Revision-aware append is an event-sourcing concern, not a dimensional modelling concern.
6. Why This Matters for Regulatory Defensibility
These modelling choices are not academic; they directly affect an organisation’s ability to justify past actions.
Regulators care deeply about what actually happened.
If a platform:
- overwrites transaction records,
- hides reversals,
- or collapses corrections into “latest state”,
then it cannot:
- explain discrepancies
- reconstruct prior reports
- defend decisions made on earlier interpretations
Treating transactions as immutable events preserves:
- evidence
- auditability
- legal defensibility
Treating them as SCD2 rows erases it.
7. Transactions Already Have Time… Don’t Simulate It
Many temporal modelling techniques exist to compensate for missing information that transactions inherently possess.
A subtle but important point:
SCD2 exists to simulate time for things that lack it.
Transactions already have:
- occurrence time
- processing time
- settlement time
- posting time
Event time is inherent to the transaction: it encodes when something occurred.
SCD2 validity time is an artificial construct designed to simulate temporal evolution for mutable state.
Adding effective_from / effective_to to a transaction is redundant at best, misleading at worst.
It suggests the transaction itself changed, rather than the firm’s understanding of it.
8. Where This Boundary Is Commonly Violated
Despite its importance, this distinction is frequently lost in modern platform implementations.

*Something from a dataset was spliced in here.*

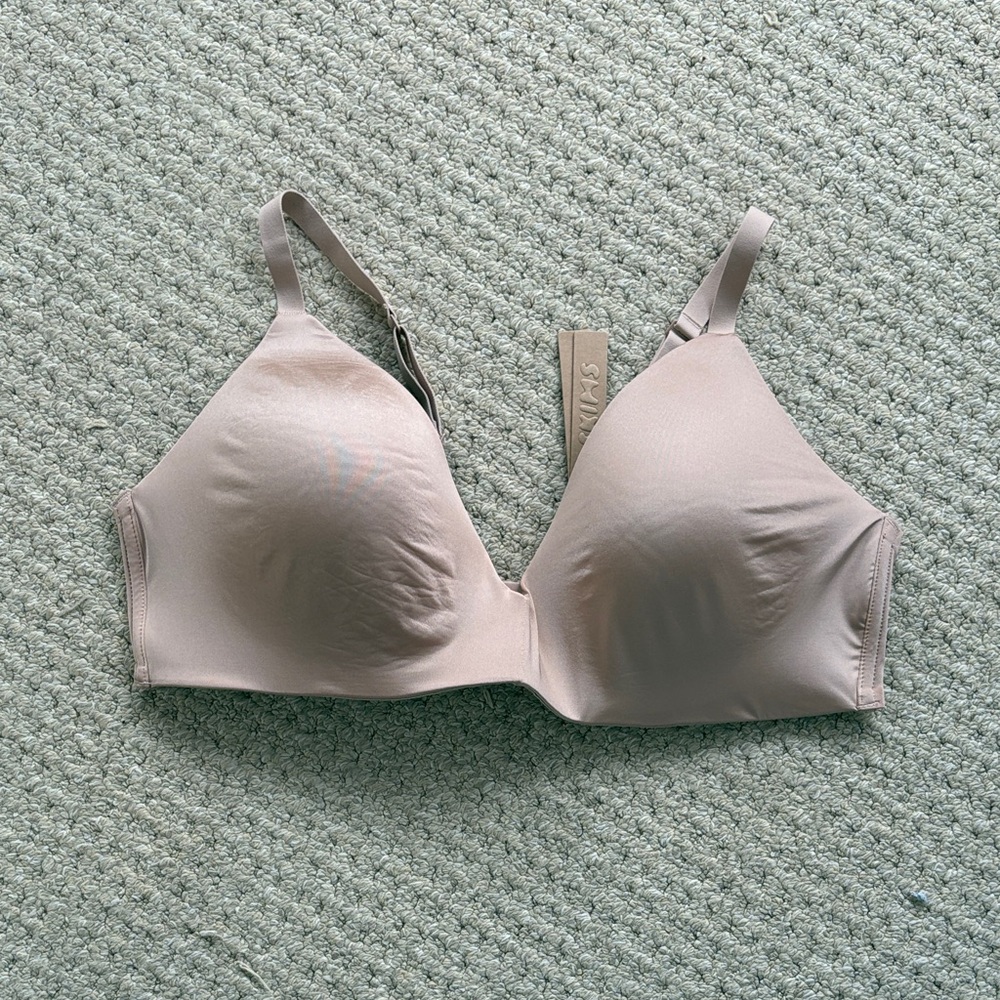NWT Skims Wireless Form Tee Shirt Demi Bra Clay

This error often appears when:
- platforms try to “standardise” modelling patterns
- Bronze is treated as “SCD2 everything”
- teams optimise for uniform pipelines over semantic correctness
Uniformity is not maturity.
Correctness is.
9. How This Fits with Temporal Platforms
Separating events from interpretations does not conflict with temporal design principles, but clarifies them. This position does not weaken temporal platforms — it strengthens them.
By keeping transactions immutable:
- temporal complexity moves to where it belongs
- PIT reconstruction becomes clearer
- belief evolution is explicit
- corrections are additive and auditable
State changes and event occurrence are distinct temporal problems.

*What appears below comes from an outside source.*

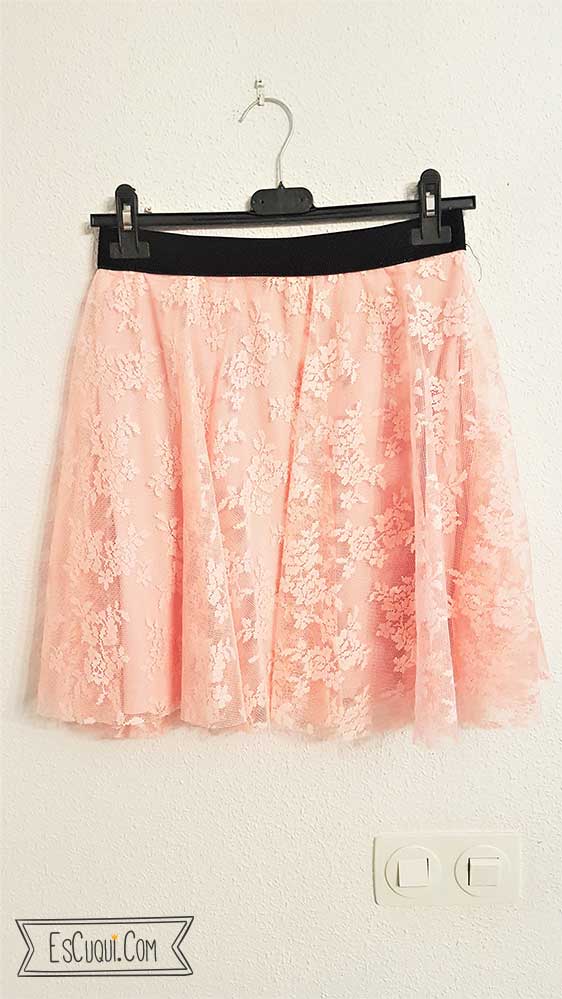minifalda rosa encaje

They deserve distinct models.
This separation makes point-in-time questions trivial: the event table answers what happened, while the interpretation table answers what we believed about it at time T.
10. What This Article Does and Does Not Claim
To avoid misapplication, it is important to be explicit about the limits of the argument being made.
This article does not:
- describe how Bronze tables are implemented
- prescribe storage formats
- explain PIT reconstruction
- discuss performance optimisation
- prescribe specific merge or ingestion mechanics for revision-aware transaction feeds, only the semantic boundary they must respect
Those concerns are addressed elsewhere.
It is also worth acknowledging the trade-off explicitly: separating immutable event records from mutable interpretations often increases historical volume and requires more disciplined point-in-time querying. That cost is real, but in regulated finance it is the price of preserving defensible truth rather than optimising for convenience.
This article exists to enforce one boundary:
If something happened, record it once.
If understanding of it changes, record that change — not a new version of the fact.
11. The Architectural Consequence
Once the boundary is enforced, a series of downstream architectural effects follow naturally.
Once transactions are treated as events:
- SCD2 is reserved for true state
- enrichment pipelines become cleaner
- lineage becomes intelligible
- reconciliation becomes explainable
- “why did this change?” questions get real answers
- transaction writes become revision-aware and idempotent, preventing duplicate replays while preserving additive corrections
Most importantly, the platform stops lying about reality.
12. Conclusion and Closing
When facts and beliefs are allowed to evolve independently, data platforms regain both honesty and clarity.
Transactions do not change.
Our understanding of them does.
A mature financial services data platform preserves that distinction… and everything else becomes simpler, clearer, and more defensible as a result.